時々遊びに行くHさんの家の自室には、クローゼットの中に小さい冷蔵庫がある。
そこにはいつも『クービン』という瓶入り炭酸ジュースが常備してあり、Hさんの家に行けば必ずそのクービンが供され、それを飲みながら過ごす。
Hさんの馴染みの友人達は、Hさんの部屋に入るなり勝手にクローゼットを開けてクービンの瓶を取り出すくらい、彼の家に行ってクービンを飲むというのが当たり前になっていた。
亡くなってしまったHさんの家に伺う機会があった。
そこはかつて、皆の溜まり場のようになってもいたから、がらんどうになったその家の風通しの良さが、心に空いた風穴の大きさを物語るようだった。
「あったよ、クービン」
そう言われ、同行した友人に手渡されたのは、キンキンに冷えた透明な瓶。クービンだ。
驚いた。彼が逝ってからかなり時間が経っているし、家財道具はもうほとんど引き払っているというのに、クローゼットの中の小さい冷蔵庫はひっそりと稼働し続けて、クービンの瓶を冷やし続けていたのだ。遺族が気付かなかったのか。
結露した冷たい細い瓶を握り、透明の液体を一口煽る。
うまい。
スッと熱が引いていくような爽やかな甘味と炭酸に、香草のような香りが拡がる。最高のサイダーだ。
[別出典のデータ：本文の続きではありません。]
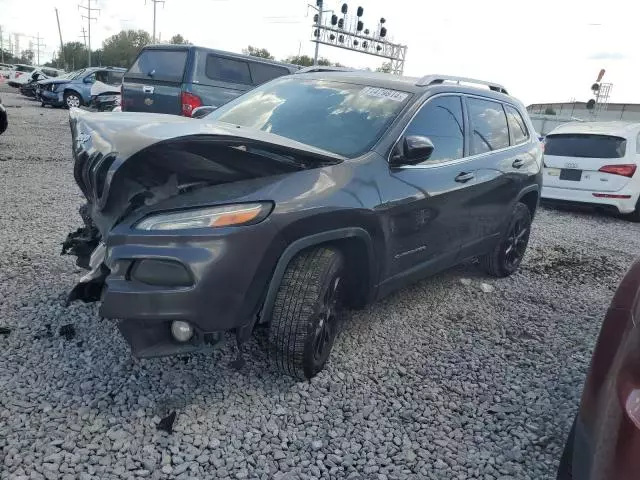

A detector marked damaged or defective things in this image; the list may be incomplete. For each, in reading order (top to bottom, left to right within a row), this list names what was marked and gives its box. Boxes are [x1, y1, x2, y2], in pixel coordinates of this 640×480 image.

damaged front end [58, 107, 344, 356]
broken headlight [135, 202, 272, 232]
crumpled hood [69, 109, 344, 161]
detached car part on ground [61, 71, 540, 378]
detached car part on ground [556, 258, 640, 480]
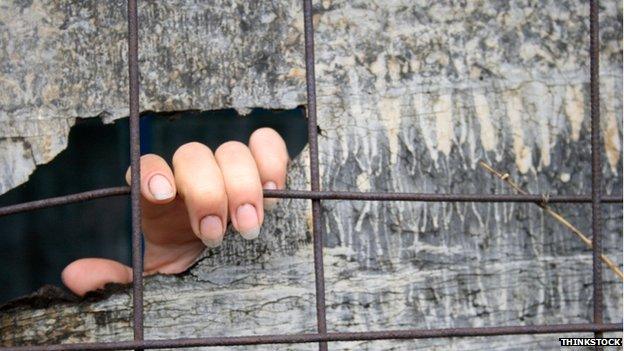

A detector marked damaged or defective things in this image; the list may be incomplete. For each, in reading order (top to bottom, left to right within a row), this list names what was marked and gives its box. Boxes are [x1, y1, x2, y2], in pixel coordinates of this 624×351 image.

rusty metal bar [125, 0, 144, 346]
rusty metal bar [0, 324, 620, 351]
rusty metal bar [1, 188, 624, 219]
rusty metal bar [304, 0, 332, 350]
rusty metal bar [588, 0, 604, 342]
ベランダで昼寝していた連れ合い(死んだひとんちで昼寝する豪胆な連れ合い)のところへ持って行き、涙ぐみながらクービンを渡して、ふと気付いた。
このクービンというサイダー、Hさんの家でクローゼットの冷蔵庫から出てくる時以外、飲んだことがない。そればかりか、そこ以外では見たこともないのだ。
これまで皆、なんの疑問も持たず、Hさんの家でしか出てこないジュースを飲んでいたのか。
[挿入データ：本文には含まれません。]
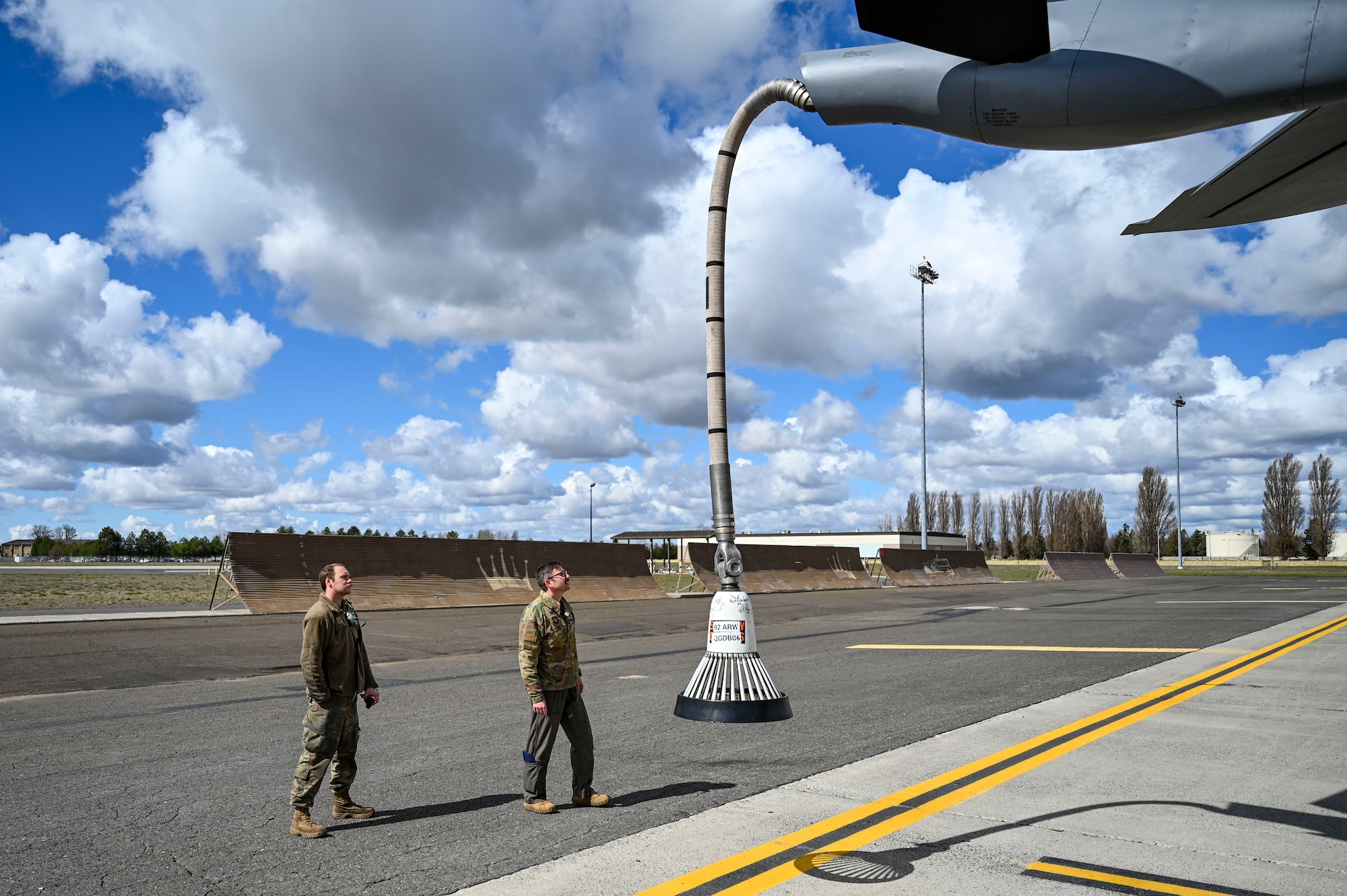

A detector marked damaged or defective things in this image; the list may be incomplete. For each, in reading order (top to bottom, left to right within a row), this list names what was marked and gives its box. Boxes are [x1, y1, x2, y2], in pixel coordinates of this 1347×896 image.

rusty metal fence panel [225, 530, 668, 613]
rusty metal fence panel [690, 538, 878, 592]
rusty metal fence panel [873, 543, 1002, 586]
rusty metal fence panel [1040, 551, 1115, 578]
rusty metal fence panel [1105, 551, 1169, 578]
Hさんといえばクービン、クービンといえばHさんだった所以なのだが、不思議なことだ。
目が覚めて、ネットで検索したが、クービンなんて名前の炭酸ジュースは存在しなかったし、
生前のHさんの家に遊びに行ったことも無かった。
だが、美味かったなあ。
舌に残るあの爽やかな記憶と、夏の陽気に結露する冷えた透明な瓶。 あれは、何?